- Created by: S.L.S_10
- Created on: 26-04-15 15:34
William Labov's "fourth floor" experiment - 1966
There was a varied use of the postvocalic "r" in the different department stores. "The overall percentage of "r" inclusion was higher in Saks than in Macy's and higher in Macy's than in Kleins."
- These results proved that social class in New York was reflected in the language or New Yorkers = the higher socio-economic groups included the postvocalic "r," while lower social classes omitted it.
- The "r" inclusion was seen as a characteristic of high social class.

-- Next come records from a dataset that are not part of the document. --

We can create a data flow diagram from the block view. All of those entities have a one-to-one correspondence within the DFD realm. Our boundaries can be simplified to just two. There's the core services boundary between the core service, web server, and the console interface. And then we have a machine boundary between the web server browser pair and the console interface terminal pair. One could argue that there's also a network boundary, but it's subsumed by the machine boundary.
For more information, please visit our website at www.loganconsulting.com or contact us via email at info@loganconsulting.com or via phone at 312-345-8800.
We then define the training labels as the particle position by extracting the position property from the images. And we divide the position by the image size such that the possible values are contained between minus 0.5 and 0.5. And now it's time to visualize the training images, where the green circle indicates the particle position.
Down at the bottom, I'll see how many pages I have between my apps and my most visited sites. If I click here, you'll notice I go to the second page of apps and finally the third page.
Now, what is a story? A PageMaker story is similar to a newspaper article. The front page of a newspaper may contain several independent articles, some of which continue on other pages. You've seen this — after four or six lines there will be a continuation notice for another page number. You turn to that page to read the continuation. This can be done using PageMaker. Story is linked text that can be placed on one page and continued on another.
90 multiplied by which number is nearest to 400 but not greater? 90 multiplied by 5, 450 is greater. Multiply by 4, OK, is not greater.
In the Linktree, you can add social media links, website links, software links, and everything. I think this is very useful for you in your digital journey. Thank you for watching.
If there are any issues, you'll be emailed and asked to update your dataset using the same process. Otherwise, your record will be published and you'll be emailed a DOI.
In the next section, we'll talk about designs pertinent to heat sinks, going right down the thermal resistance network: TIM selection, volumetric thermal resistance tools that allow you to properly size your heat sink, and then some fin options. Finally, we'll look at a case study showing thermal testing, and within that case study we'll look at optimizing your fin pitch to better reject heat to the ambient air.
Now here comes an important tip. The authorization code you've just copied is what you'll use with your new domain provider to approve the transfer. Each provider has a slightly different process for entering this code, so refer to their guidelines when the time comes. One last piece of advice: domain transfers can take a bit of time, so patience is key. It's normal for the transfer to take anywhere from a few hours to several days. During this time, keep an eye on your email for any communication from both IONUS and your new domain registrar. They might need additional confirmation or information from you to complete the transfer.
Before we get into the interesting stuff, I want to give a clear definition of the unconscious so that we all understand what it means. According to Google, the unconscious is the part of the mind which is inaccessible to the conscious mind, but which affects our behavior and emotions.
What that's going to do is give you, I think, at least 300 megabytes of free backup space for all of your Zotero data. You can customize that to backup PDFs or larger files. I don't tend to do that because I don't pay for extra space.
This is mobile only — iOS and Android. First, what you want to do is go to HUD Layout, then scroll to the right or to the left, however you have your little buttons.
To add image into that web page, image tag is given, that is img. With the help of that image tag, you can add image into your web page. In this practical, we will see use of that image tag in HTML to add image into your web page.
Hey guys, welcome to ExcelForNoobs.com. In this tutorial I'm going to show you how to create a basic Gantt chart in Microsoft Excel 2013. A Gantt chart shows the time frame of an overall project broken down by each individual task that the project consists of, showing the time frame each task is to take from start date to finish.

Interestingly, the overall percentage of "r" inclusion was higher on the upper floor of Saks, where there were less items on sale, increased floor space and mannequins displaying clothing items --> the items are expensive which accomodates the use of the postvocalic "r."
- "r" inclusion was evidence for a prestige pattern that was being superimposed in New York.
The casual speech (the initial response) and the emphatic speech (the second response) differed in Klein's. There was a higher percentage of "r" inclusion in the emphatic stress than in the casual speech = sale assistants are inserting elements which they feel are socially desirable.
- The use of these two types of speech also proved that the use of the postvocalic "r" was not random because the salesclerks could chose which one they wanted to use.
- The choice is dependent upon the customer = if the customer appears to be low-class, the "r" inclusion will be omitted. The downward convergence would show similarity between the two people, improving sales, because the customer feels more relaxed.